Later
by Blue Shoe 22
Summary: When someone dies it's hard to let go. B/S future fic.


Title: Later

Author: Blue Shoe 22

Disclaimer: I do not own anyone of Buffy the vampire slayer or any of its characters. The title and plot of this story belong to Michael Marshall Smith. I merely manipulated and take no credit for what isn't truly mine.

Rating: PG 13, involves themes of death

Summary: When someone dies it's hard to let go. B/S, angst. 

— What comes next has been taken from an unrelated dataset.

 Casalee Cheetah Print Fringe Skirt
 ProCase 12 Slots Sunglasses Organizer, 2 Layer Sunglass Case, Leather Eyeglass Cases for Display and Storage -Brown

Spoilers: non-specific season 5 and 6

Distribution: Please ask

I remember standing in the bedroom before we went out, fiddling with my jacket and fretting mildly about the time. As yet we had plenty, but that was nothing to be smug about. The minutes had a way of disappearing all too quickly when Buffy was getting ready, early starts culminating in a breathless dash for the car and cursing when the old beast didn't start immediately. It was Dawn's birthday party we were going to – her twenty-first – so it didn't really matter what time we left, but I tend to be a little impatient when it comes to waiting. I used to, anyway.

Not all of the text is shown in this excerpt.